# Buying first handgun: XD or XDM, barrel length...



## mvs90 (Dec 28, 2012)

Hi to all!

I'm an american that has been living in europe for the past decade, and now that I'm going back to the states one of the first things I'm thinking of is getting a gun. Mostly for target practice, but if I ever need to use it in self defense I wouldn't like to be caught with a bb gun either. I've looked at a couple models, but I always end up looking at the Springfield Armory XD osDM, so I'm pretty sure I will end up getting one of those. I don't think that the XDM has any significant advantage over the XD, but for the 100$ difference, I think it has enough modification to justify the extra cost, but then again, it depends on what price I find both guns for.
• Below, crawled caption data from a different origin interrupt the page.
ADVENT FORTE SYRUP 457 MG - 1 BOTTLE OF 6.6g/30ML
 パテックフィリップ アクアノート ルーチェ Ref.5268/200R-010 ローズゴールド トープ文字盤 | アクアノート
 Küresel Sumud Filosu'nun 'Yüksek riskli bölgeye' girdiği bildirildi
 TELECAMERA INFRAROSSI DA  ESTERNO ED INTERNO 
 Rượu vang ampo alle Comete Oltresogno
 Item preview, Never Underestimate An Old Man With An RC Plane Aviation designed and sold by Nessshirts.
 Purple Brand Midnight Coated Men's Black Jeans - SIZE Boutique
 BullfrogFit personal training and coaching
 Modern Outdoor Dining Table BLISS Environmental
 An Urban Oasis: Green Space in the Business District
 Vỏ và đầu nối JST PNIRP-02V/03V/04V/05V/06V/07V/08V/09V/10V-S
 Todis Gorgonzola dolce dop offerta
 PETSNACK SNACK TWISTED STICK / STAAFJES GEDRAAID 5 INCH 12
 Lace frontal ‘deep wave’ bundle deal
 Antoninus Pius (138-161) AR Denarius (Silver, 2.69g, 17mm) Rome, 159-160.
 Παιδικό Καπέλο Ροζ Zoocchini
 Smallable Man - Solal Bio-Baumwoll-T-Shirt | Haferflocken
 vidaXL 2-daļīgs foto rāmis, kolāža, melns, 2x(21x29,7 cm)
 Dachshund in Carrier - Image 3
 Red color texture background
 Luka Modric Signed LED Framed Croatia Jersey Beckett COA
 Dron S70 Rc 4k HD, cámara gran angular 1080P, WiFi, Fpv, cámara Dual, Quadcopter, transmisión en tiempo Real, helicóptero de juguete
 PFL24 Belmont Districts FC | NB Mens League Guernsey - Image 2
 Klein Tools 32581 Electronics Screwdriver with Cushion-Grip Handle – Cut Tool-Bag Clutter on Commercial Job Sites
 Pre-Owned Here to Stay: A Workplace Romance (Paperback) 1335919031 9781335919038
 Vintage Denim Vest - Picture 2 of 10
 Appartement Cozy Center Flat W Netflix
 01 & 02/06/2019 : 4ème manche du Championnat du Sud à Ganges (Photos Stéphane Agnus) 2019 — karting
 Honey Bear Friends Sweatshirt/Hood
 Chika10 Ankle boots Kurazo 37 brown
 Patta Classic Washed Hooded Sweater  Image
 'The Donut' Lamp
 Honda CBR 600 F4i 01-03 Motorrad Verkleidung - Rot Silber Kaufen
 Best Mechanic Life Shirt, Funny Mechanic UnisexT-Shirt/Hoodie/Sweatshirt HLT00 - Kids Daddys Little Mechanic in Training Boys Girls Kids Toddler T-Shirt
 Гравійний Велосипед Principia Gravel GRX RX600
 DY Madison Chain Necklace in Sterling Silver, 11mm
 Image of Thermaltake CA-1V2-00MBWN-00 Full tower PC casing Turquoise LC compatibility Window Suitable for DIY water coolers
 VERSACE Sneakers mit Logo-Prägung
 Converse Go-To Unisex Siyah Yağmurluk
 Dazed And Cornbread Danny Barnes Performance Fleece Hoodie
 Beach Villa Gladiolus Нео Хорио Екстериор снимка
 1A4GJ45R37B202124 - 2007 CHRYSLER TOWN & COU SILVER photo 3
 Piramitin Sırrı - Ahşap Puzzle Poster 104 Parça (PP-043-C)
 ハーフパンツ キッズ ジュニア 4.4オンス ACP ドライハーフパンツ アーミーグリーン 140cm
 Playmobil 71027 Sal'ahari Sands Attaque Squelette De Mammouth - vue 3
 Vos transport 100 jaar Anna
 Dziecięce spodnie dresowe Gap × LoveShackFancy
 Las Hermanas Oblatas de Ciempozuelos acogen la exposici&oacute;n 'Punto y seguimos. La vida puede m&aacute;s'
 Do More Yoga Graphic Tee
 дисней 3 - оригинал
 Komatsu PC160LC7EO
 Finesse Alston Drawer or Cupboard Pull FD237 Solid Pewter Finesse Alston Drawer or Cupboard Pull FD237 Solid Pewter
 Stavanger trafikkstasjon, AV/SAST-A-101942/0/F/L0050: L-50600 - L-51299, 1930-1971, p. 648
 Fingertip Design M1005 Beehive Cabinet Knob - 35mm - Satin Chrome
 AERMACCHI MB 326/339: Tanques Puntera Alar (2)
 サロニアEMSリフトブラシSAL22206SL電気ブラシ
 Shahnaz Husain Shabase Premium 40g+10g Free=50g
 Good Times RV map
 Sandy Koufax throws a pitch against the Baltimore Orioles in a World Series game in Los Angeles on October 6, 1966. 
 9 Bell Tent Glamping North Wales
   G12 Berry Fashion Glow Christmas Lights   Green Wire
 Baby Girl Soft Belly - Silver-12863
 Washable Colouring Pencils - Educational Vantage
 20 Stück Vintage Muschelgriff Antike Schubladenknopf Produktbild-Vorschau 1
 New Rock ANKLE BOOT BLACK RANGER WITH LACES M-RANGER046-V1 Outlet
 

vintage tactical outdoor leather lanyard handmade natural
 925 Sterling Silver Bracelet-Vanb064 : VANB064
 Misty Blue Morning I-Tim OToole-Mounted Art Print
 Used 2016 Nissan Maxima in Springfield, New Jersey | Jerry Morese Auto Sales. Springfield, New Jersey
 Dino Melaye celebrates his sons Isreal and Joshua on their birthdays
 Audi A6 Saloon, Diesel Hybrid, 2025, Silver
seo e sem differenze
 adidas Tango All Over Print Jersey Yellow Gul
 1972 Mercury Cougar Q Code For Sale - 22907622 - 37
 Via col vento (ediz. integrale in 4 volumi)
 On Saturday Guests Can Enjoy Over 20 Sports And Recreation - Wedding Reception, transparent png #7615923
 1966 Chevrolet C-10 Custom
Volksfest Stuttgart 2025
If you have any recomendations of where to buy a gun in south Florida, around Miami, that would be great, either shops or internet. And if you have opinions in the XD or XDM, thats welcome to. I would have lived the .450acp model, but given the price difference for the ammo, I think i'm going to go 9mm.

Basically where I have most doubt is the barrel length. What I have seen is that for the XD or XDM, there is 4, 4.08, 4.50 and 5" barrel lengths as far as I remembered. Could anyone give me a recomendation about that? I like the idea of 4.5 for the XDM, or 5 for the XD Tactical, but should I consider the models of 4"? I don't intend on it being a concealed carry gun, and if I ever did, I don't care about the extra length or weight.

Thanks ahead for all the help!


----------



## TheLAGuy (Nov 28, 2012)

I just got my first one in 9mm, cheaper on the ammo so you can get comfortable with it enough and the recoil isn't as strong as a .40, or .45.

Everyone gave me the advice to hit up the range and try a few out! It's worth the $100 to sample a few and go from there.

Good luck!

P.S. Is it that easy to get CCW in Miami? Surprising.....


----------



## bowserb (May 21, 2012)

The XDm will return a big portion of the purchase premium if you sell it later. It has some functional improvements as well for take down, and it has the multiple backstraps. The polished feed ramp is also nice. Match grade barrel...mostly marketing as far as I can tell.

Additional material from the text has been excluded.